Some Thursdays will have 2 tropes, some will have 3, but I think the majority will have 1 that's really popular.
Descriptions will be pulled from TV Tropes and a link provided if you want more information.
The rules? They're simple. Write at least 250 words or create 2 icons/1 banner. Anything from suggestive to outright porn is allowed.
This week, there is 1 trope!
We Can Rebuild Him: A character suffers a horrific Disney Death. Their body is shattered beyond repair. No One Could Survive That!

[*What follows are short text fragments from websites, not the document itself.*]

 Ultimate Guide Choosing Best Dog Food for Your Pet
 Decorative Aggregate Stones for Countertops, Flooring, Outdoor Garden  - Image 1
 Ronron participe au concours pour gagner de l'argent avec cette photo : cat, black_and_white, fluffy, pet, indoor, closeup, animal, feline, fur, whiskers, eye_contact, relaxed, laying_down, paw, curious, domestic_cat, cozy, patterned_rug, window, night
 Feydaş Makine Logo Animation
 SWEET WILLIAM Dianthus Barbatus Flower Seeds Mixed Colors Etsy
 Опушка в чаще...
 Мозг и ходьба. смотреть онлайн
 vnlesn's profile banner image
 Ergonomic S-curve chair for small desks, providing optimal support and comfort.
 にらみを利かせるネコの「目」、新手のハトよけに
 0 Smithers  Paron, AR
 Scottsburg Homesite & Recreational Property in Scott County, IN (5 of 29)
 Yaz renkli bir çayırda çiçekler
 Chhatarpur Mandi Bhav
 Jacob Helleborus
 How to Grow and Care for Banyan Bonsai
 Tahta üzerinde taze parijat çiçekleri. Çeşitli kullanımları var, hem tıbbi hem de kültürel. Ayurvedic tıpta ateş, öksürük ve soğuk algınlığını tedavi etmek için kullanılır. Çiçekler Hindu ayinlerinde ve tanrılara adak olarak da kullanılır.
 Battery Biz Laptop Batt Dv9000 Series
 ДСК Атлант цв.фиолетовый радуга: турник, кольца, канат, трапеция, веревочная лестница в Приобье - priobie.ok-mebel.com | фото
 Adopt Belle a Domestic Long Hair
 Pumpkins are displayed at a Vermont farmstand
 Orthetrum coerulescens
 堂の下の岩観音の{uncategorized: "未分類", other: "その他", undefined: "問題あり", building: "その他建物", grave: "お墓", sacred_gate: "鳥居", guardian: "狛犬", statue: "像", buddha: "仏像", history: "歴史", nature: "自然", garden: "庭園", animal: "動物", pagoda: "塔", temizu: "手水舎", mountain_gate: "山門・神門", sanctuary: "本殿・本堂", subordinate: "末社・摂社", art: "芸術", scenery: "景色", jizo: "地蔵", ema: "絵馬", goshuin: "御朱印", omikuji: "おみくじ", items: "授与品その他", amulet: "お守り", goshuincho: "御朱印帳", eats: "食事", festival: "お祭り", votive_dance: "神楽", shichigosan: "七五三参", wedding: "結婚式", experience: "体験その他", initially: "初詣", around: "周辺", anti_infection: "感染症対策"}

But later, he returns! Only this time, he's a cyborg! He's got more power but he might be less human so in villainous cases it's OK to be more brutal on him. When heroes are subject to this, it tends to make them question their humanity, and in doing so retain it.
This trope can serve as the Origin Story for both heroes and villains of the cybernetic variety. Alternately, if the character being repaired is a ridiculously human robot, it justifies how they survive a seeming Heroic Sacrifice or Disney Villain Death.
A Sub-Trope of Emergency Transformation. Compare with Robot Me, Unwilling Roboticisation, and Virtual Ghost. Compare and contrast Dark Lord on Life Support, when a villain becomes weaker due to dependence on some external technology or host to sustain them. The fantasy counterpart is Came Back Strong. If the cybernetics are obvious and enhance the evilness of a character's appearance, it's a case of Red Right Hand. When the one doing the rebuilding is sadistic enough, it may involve Vader Breath. If the injuries are too extensive or the technology not far enough advanced, may result in Man in the Machine. A nasty variant is when a bad guy takes a Not Quite Dead hero and has him Reforged into a Minion.